The AHDB fungicide response work conducted in barley in 2020 included two trials on net blotch, although one of these didn’t generate any data, reports Stuart Knight, deputy director at Niab Tag.
In the one remaining trial, there wasn’t a high level of disease and the fungicides achieved a modest level of control.
Newcomer Revystar showed good eradicant activity on the disease, just ahead of Imtrex and Proline.
For protectant data, Mr Knight had to refer to the previous two years, when both Proline and Imtrex did well. “They’re giving much higher levels of control in a protectant situation.”
Cyprodinil also gives useful control and brings in a different chemical group, maintaining some diversity of active ingredients, he notes.
- Imtrex (fluxapyroxad)
- Proline (prothioconazole)
- Revystar (fluxapyroxad + mefentrifluconazole)
- Vibrance Duo (fludioxonil + sedaxane)
Given that infected stubble, straw residues and volunteers are responsible for most net blotch infections, there are measures that can help reduce the incidence and severity of the disease.
The smaller winter barley area drilled in 2019 and subsequent dry spring should help to limit inoculum for the most damaging early infections in this season’s crop, but there’s no room for complacency as many growers switched to spring barley.
Growing successive barley crops, using high rates of nitrogen, and drilling susceptible varieties should be avoided. Controlling volunteers is important – in the right conditions, the disease cycle can complete in 14 days.
Drilling clean seed and resisting the temptation to save seed from infected crops will also reduce disease build-up.
Variety resistance can be overcome so in-field monitoring is required.
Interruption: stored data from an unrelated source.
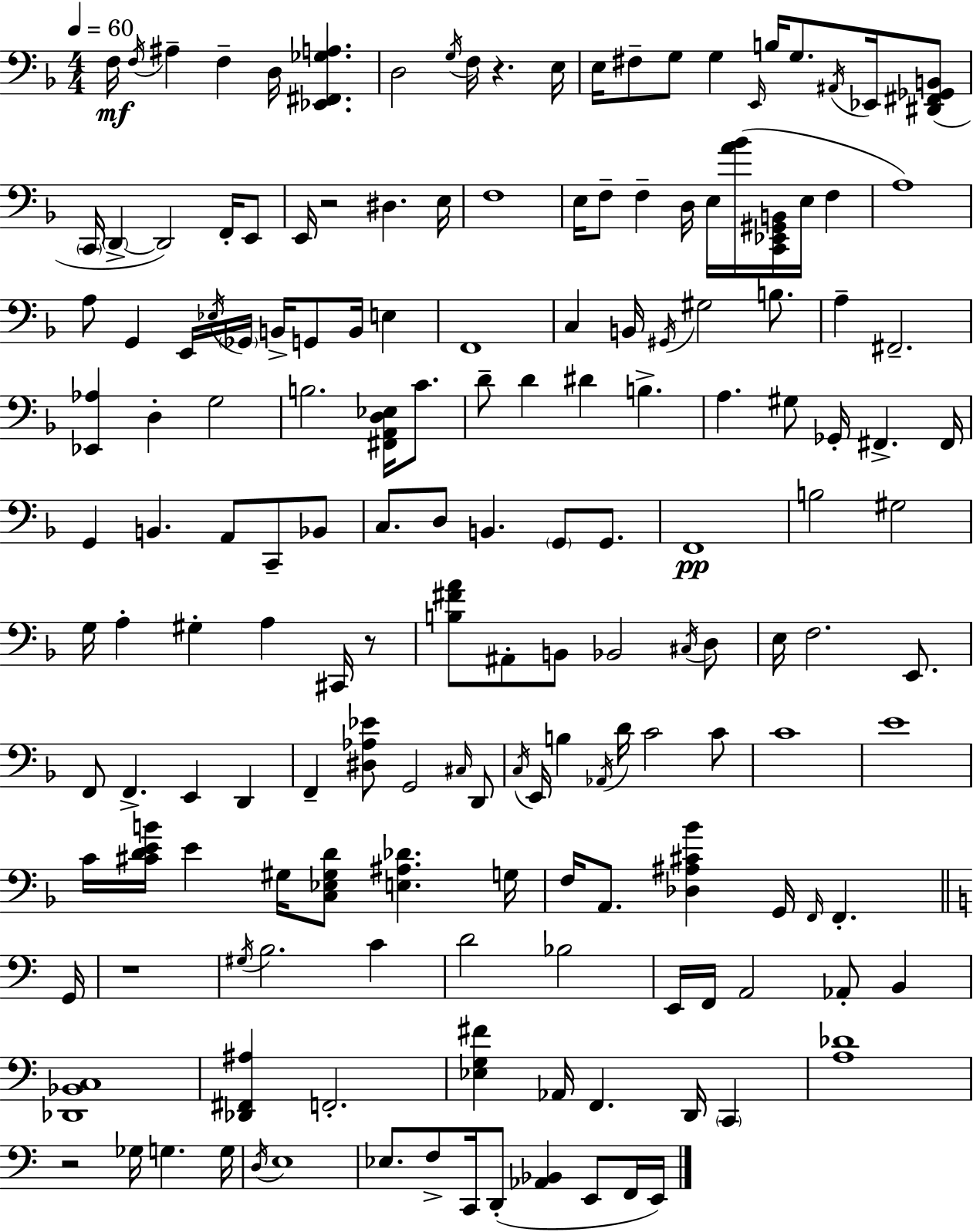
{
  \clef bass
  \numericTimeSignature
  \time 4/4
  \key f \major
  \tempo 4 = 60
  f16\mf \acciaccatura { f16 } ais4-- f4-- d16 <ees, fis, ges a>4. | d2 \acciaccatura { g16 } f16 r4. | e16 e16 fis8-- g8 g4 \grace { e,16 } b16 g8. | \acciaccatura { ais,16 } ees,16 <dis, fis, ges, b,>8( \parenthesize c,16 \parenthesize d,4->~~ d,2) | \break f,16-. e,8 e,16 r2 dis4. | e16 f1 | e16 f8-- f4-- d16 e16 <a' bes'>16( <c, ees, gis, b,>16 e16 | f4 a1) | \break a8 g,4 e,16 \acciaccatura { ees16 } \parenthesize ges,16 b,16-> g,8 | b,16 e4 f,1 | c4 b,16 \acciaccatura { gis,16 } gis2 | b8. a4-- fis,2.-- | \break <ees, aes>4 d4-. g2 | b2. | <fis, a, d ees>16 c'8. d'8-- d'4 dis'4 | b4.-> a4. gis8 ges,16-. fis,4.-> | \break fis,16 g,4 b,4. | a,8 c,8-- bes,8 c8. d8 b,4. | \parenthesize g,8 g,8. f,1\pp | b2 gis2 | \break g16 a4-. gis4-. a4 | cis,16 r8 <b fis' a'>8 ais,8-. b,8 bes,2 | \acciaccatura { cis16 } d8 e16 f2. | e,8. f,8 f,4.-> e,4 | \break d,4 f,4-- <dis aes ees'>8 g,2 | \grace { cis16 } d,8 \acciaccatura { c16 } e,16 b4 \acciaccatura { aes,16 } d'16 | c'2 c'8 c'1 | e'1 | \break c'16 <cis' d' e' b'>16 e'4 | gis16 <c ees gis d'>8 <e ais des'>4. g16 f16 a,8. <des ais cis' bes'>4 | g,16 \grace { f,16 } f,4.-. \bar "||" \break \key a \minor g,16 r1 | \acciaccatura { gis16 } b2. c'4 | d'2 bes2 | e,16 f,16 a,2 aes,8-. b,4 | \break <des, bes, c>1 | <des, fis, ais>4 f,2.-. | <ees g fis'>4 aes,16 f,4. d,16 \parenthesize c,4 | <a des'>1 | \break r2 ges16 g4. | g16 \acciaccatura { d16 } e1 | ees8. f8-> c,16 d,8-.( <aes, bes,>4 e,8 | f,16 e,16) \bar "|."
}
Given the current state of play with reduced fungicide sensitivity, a T0 spray should only be considered if over-wintering disease levels are high.
In the field
Net blotch is a disease that affects both winter and spring barley, causing yield losses of between 10% and 40% and having detrimental effects on grain quality.
It comes in two forms – a spot form and a net form, with the net form being the more common of the two and less sensitive to fungicides than the spot form.
While it can arise from infected seed, the main source of net blotch inoculum is infected stubble and volunteers, where the pathogen has overwintered. Airborne spores are produced and spread in the wind or by rain splashing up the plant.
Given its life cycle, wet and mild weather favours the disease, as do factors such as high seed rates, early drilling and min-till or no-till regimes.
Infections from seed can look similar to leaf stripe infection, with brown stripes spreading from the base of leaves in seedlings and tillering plants.
Leaves infected by spores from crop debris or neighbouring plants look different. With these, long brown lesions with a mottled or netted appearance develop, which on closer examination consist of a network of brown lines.
Further signs to look for include a yellowing of the leaf tissue surrounding the lesions, which may differ in size.
Another, less common, symptom is the appearance of small, oval-shaped lesions, which are often mistaken for ramularia.
Symptoms can often be found quite widely in winter crops, but the affected leaves then die back. New leaves, produced in the spring, may be symptom-free, with the disease then being found later in the year on upper leaves. High temperatures and dry weather inhibit infections.
Resistance ratings for net blotch are included in the AHDB Recommended List of winter barley varieties. On the latest list, these ratings range from 4 to 6.